Why Trump could still pull a fast one on 'Chuck' and 'Nancy' on immigration

New York's Senior Senator Chuck Schumer may not be as clever as he thinks he is – admittedly, a high bar. As they meet with President Trump, the Senate Minority Leader along with House Minority Leader Nancy Pelosi are playing hardball, balking at supporting a temporary spending bill unless it includes protections for so-called Dreamers.

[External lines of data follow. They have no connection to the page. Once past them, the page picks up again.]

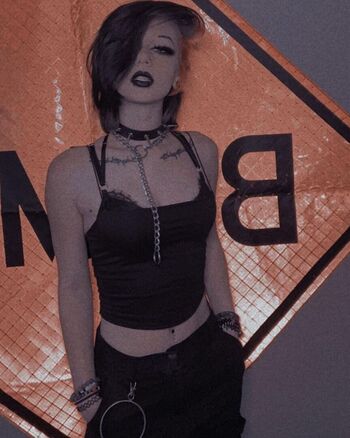 Full leaked Sxmply loathxng private onlyfans photo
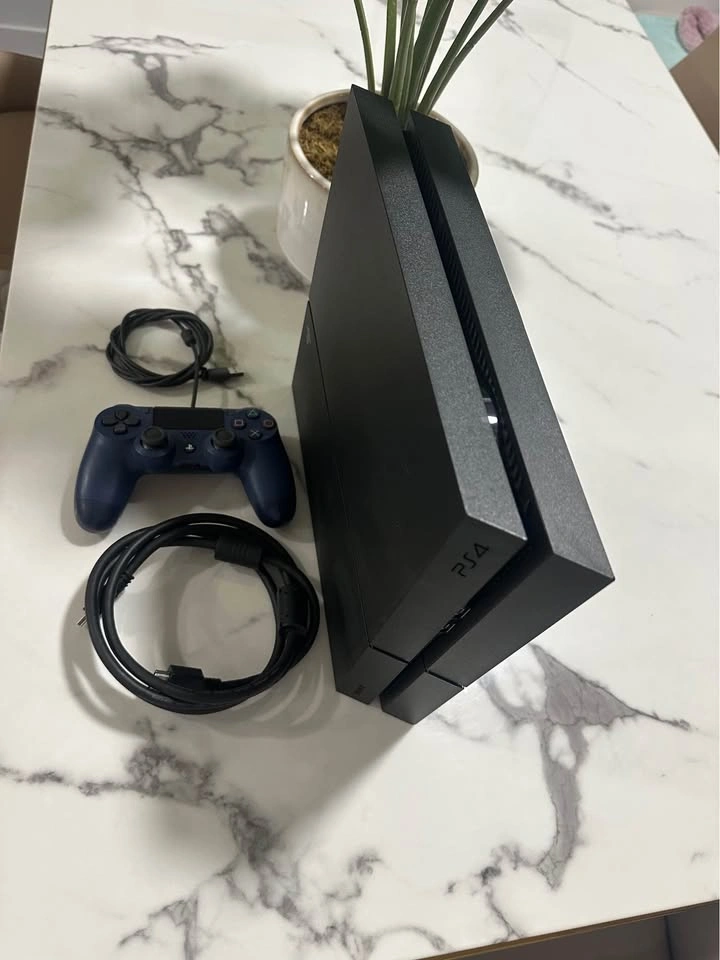 PlayStation 4 in like-new, mint condition. No scratches or dent. - photo 2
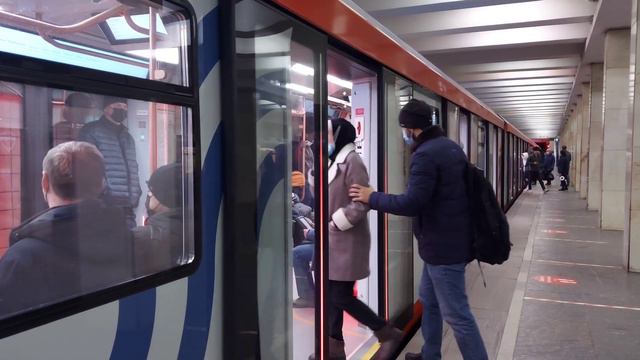 Электропоезд МОСКВА-2020 на станции Новые Черёмушки смотреть онлайн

Trump could turn that skirmish on its head, and produce an unimaginable win for the GOP.

Democrats want the spending bill, which will keep the government funded until the spring by employing various gimmicks, to include a path to citizenship for the young people who were included in Obama’s now-terminated DACA program.

President Trump has suggested he’s willing to solve the Dreamer issue once and for all, in exchange for beefed-up border security and an end to chain migration.

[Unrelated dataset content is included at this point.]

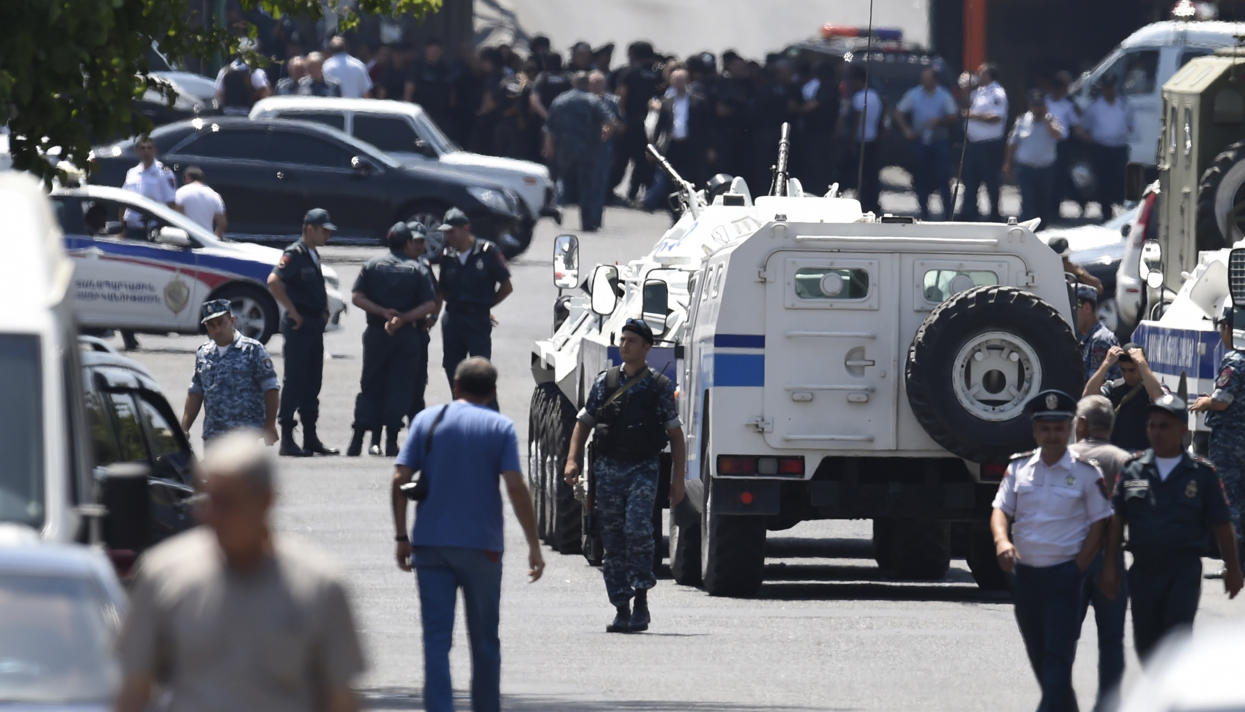 Захватившие здание полиции в Ереване готовы сдаться властям?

At a dinner in September with “Chuck” and “Nancy”, Trump voiced his support for the DACA group, calling them “good, educated and accomplished young people" who "have been in our country for many years through no fault of their own."

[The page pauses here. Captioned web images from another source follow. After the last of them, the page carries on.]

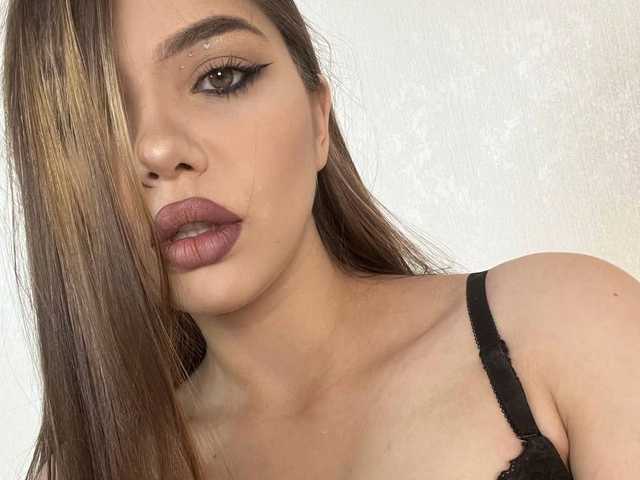 प्रोफ़ाइल की तस्वीर Agatha_Bloom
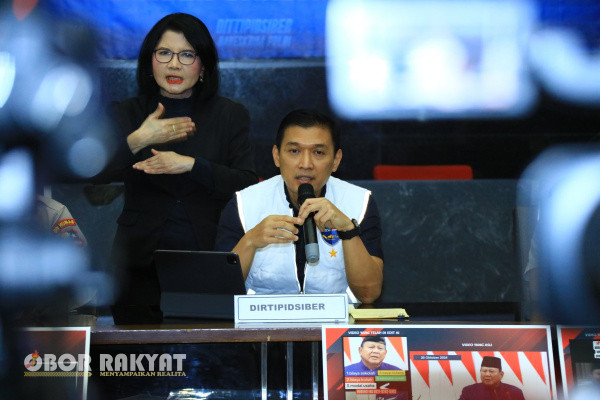 Jakarta, Obor Rakyat - Direktorat Tindak Pidana Siber (Dittipidsiber) Bareskrim Polri menangkap seorang pria berinisial AMA (29) atas kasus deepfake video Presiden Prabowo Subianto dan sejumlah pejabat.
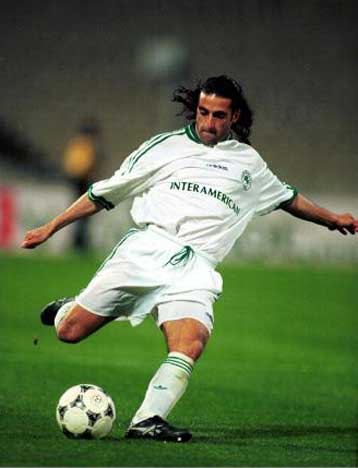 Ο Μαλέκος υπέγραψε στο ΑΠΟΕΛ, ο Ολυμπιακός για Αγαθοκλέους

If a compromise is reached, it will be Trump signing the bill and taking credit for granting legal status to hundreds of thousands of people in the country illegally.

Just as only Richard Nixon could venture to China, it may well be that Trump, who campaigned on tougher immigration enforcement, is the lone person who can get this deal done.

If he plays his hand well, Trump could lead the country towards a smarter approach to immigration and guide Republicans towards better relations with Hispanic voters.

Reaching an agreement, especially if it were to resolve other dysfunctional aspects of our immigration system, like birthright citizenship or chain migration, could significantly change relations between Republicans and the fastest-growing voter group in the country.

Imagine what a coup that would be.

Very few want to deport people who were brought into the country by their parents and who have grown up in the U.S., a group known as Dreamers. Their cause is widely popular; a Washington Post-ABC News poll shows that 86 percent of the country thinks they should be allowed them to stay in the U.S. The case for granting them permanent status has been made for decades; few would argue that young people should be sent “home” to a country they’ve never known.

But, the same poll shows that 79 percent of Americans wants to “verify that hires are in the country legally.” That is, they would sign on for required use of E-verify, or some other program that guarantees that workers are documented.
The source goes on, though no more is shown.